WHAT YOU WILL DO: All records that follow are to be output exactly.

>>

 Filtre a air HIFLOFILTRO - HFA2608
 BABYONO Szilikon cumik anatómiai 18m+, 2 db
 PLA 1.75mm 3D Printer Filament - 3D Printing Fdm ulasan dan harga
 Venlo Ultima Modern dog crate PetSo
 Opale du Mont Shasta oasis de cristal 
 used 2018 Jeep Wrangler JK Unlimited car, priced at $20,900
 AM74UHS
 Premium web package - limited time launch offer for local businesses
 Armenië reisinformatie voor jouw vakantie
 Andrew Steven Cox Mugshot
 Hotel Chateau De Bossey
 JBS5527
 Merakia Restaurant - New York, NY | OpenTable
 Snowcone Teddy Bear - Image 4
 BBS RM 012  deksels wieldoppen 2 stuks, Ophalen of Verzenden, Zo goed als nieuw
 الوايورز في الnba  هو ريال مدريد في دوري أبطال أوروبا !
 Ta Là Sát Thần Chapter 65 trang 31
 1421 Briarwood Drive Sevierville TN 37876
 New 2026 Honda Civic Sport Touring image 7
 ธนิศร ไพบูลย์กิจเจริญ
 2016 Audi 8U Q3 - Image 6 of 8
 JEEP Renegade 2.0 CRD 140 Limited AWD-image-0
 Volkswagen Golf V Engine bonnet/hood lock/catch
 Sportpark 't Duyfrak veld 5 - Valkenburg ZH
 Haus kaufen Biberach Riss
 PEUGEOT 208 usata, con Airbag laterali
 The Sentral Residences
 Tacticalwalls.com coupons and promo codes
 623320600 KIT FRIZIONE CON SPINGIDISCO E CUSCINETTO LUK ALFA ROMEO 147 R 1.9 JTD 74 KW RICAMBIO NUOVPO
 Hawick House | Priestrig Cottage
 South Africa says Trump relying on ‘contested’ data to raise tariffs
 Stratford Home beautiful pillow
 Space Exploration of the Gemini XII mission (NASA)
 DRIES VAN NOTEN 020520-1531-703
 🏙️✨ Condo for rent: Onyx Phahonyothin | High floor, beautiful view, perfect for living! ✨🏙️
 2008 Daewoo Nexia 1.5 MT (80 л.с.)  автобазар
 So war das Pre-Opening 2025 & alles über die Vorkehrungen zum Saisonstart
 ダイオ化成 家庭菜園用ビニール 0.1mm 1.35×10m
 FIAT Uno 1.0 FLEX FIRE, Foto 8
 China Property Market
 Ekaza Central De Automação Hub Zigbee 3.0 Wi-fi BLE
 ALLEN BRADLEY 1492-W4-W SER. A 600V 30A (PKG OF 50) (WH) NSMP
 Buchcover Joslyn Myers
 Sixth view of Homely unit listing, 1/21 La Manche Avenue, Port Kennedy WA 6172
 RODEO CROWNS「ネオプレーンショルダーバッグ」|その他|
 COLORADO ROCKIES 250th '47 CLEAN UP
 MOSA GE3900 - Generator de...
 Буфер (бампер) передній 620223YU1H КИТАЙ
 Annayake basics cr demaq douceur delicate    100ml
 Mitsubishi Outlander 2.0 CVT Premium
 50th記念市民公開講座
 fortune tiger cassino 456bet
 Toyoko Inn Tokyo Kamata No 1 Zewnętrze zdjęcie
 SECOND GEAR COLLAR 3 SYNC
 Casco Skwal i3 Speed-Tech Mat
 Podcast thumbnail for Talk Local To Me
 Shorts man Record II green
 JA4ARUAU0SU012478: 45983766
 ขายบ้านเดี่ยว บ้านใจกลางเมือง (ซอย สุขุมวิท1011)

<<

ANSWER SPACE:
 Filtre a air HIFLOFILTRO - HFA2608
 BABYONO Szilikon cumik anatómiai 18m+, 2 db
 PLA 1.75mm 3D Printer Filament - 3D Printing Fdm ulasan dan harga
 Venlo Ultima Modern dog crate PetSo
 Opale du Mont Shasta oasis de cristal 
 used 2018 Jeep Wrangler JK Unlimited car, priced at $20,900
 AM74UHS
 Premium web package - limited time launch offer for local businesses
 Armenië reisinformatie voor jouw vakantie
 Andrew Steven Cox Mugshot
 Hotel Chateau De Bossey
 JBS5527
 Merakia Restaurant - New York, NY | OpenTable
 Snowcone Teddy Bear - Image 4
 BBS RM 012  deksels wieldoppen 2 stuks, Ophalen of Verzenden, Zo goed als nieuw
 الوايورز في الnba  هو ريال مدريد في دوري أبطال أوروبا !
 Ta Là Sát Thần Chapter 65 trang 31
 1421 Briarwood Drive Sevierville TN 37876
 New 2026 Honda Civic Sport Touring image 7
 ธนิศร ไพบูลย์กิจเจริญ
 2016 Audi 8U Q3 - Image 6 of 8
 JEEP Renegade 2.0 CRD 140 Limited AWD-image-0
 Volkswagen Golf V Engine bonnet/hood lock/catch
 Sportpark 't Duyfrak veld 5 - Valkenburg ZH
 Haus kaufen Biberach Riss
 PEUGEOT 208 usata, con Airbag laterali
 The Sentral Residences
 Tacticalwalls.com coupons and promo codes
 623320600 KIT FRIZIONE CON SPINGIDISCO E CUSCINETTO LUK ALFA ROMEO 147 R 1.9 JTD 74 KW RICAMBIO NUOVPO
 Hawick House | Priestrig Cottage
 South Africa says Trump relying on ‘contested’ data to raise tariffs
 Stratford Home beautiful pillow
 Space Exploration of the Gemini XII mission (NASA)
 DRIES VAN NOTEN 020520-1531-703
 🏙️✨ Condo for rent: Onyx Phahonyothin | High floor, beautiful view, perfect for living! ✨🏙️
 2008 Daewoo Nexia 1.5 MT (80 л.с.)  автобазар
 So war das Pre-Opening 2025 & alles über die Vorkehrungen zum Saisonstart
 ダイオ化成 家庭菜園用ビニール 0.1mm 1.35×10m
 FIAT Uno 1.0 FLEX FIRE, Foto 8
 China Property Market
 Ekaza Central De Automação Hub Zigbee 3.0 Wi-fi BLE
 ALLEN BRADLEY 1492-W4-W SER. A 600V 30A (PKG OF 50) (WH) NSMP
 Buchcover Joslyn Myers
 Sixth view of Homely unit listing, 1/21 La Manche Avenue, Port Kennedy WA 6172
 RODEO CROWNS「ネオプレーンショルダーバッグ」|その他|
 COLORADO ROCKIES 250th '47 CLEAN UP
 MOSA GE3900 - Generator de...
 Буфер (бампер) передній 620223YU1H КИТАЙ
 Annayake basics cr demaq douceur delicate    100ml
 Mitsubishi Outlander 2.0 CVT Premium
 50th記念市民公開講座
 fortune tiger cassino 456bet
 Toyoko Inn Tokyo Kamata No 1 Zewnętrze zdjęcie
 SECOND GEAR COLLAR 3 SYNC
 Casco Skwal i3 Speed-Tech Mat
 Podcast thumbnail for Talk Local To Me
 Shorts man Record II green
 JA4ARUAU0SU012478: 45983766
 ขายบ้านเดี่ยว บ้านใจกลางเมือง (ซอย สุขุมวิท1011)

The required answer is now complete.